▶ **Task instructions**
Retyping the records exactly is the whole task.

-------- Input --------

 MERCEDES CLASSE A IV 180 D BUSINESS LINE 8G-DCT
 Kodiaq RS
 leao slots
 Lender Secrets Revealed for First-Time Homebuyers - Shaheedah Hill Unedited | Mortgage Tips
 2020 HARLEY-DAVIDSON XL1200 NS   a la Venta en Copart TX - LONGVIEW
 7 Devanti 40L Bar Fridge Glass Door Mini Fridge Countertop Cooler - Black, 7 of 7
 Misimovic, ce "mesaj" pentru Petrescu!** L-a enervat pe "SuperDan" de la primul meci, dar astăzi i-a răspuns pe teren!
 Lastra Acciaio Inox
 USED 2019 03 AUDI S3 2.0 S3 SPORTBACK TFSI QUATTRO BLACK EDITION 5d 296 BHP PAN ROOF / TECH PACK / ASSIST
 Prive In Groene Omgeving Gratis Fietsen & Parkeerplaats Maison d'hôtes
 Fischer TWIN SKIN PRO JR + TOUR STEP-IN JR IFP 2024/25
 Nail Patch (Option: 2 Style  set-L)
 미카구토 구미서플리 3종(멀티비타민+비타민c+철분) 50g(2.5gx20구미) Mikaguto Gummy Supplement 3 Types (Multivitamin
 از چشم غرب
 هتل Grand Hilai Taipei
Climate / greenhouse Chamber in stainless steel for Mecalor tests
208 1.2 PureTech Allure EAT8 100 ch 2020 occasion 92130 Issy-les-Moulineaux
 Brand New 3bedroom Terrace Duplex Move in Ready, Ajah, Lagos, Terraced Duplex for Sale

--------

▶ **Task solution**
 MERCEDES CLASSE A IV 180 D BUSINESS LINE 8G-DCT
 Kodiaq RS
 leao slots
 Lender Secrets Revealed for First-Time Homebuyers - Shaheedah Hill Unedited | Mortgage Tips
 2020 HARLEY-DAVIDSON XL1200 NS   a la Venta en Copart TX - LONGVIEW
 7 Devanti 40L Bar Fridge Glass Door Mini Fridge Countertop Cooler - Black, 7 of 7
 Misimovic, ce "mesaj" pentru Petrescu!** L-a enervat pe "SuperDan" de la primul meci, dar astăzi i-a răspuns pe teren!
 Lastra Acciaio Inox
 USED 2019 03 AUDI S3 2.0 S3 SPORTBACK TFSI QUATTRO BLACK EDITION 5d 296 BHP PAN ROOF / TECH PACK / ASSIST
 Prive In Groene Omgeving Gratis Fietsen & Parkeerplaats Maison d'hôtes
 Fischer TWIN SKIN PRO JR + TOUR STEP-IN JR IFP 2024/25
 Nail Patch (Option: 2 Style  set-L)
 미카구토 구미서플리 3종(멀티비타민+비타민c+철분) 50g(2.5gx20구미) Mikaguto Gummy Supplement 3 Types (Multivitamin
 از چشم غرب
 هتل Grand Hilai Taipei
Climate / greenhouse Chamber in stainless steel for Mecalor tests
208 1.2 PureTech Allure EAT8 100 ch 2020 occasion 92130 Issy-les-Moulineaux
 Brand New 3bedroom Terrace Duplex Move in Ready, Ajah, Lagos, Terraced Duplex for Sale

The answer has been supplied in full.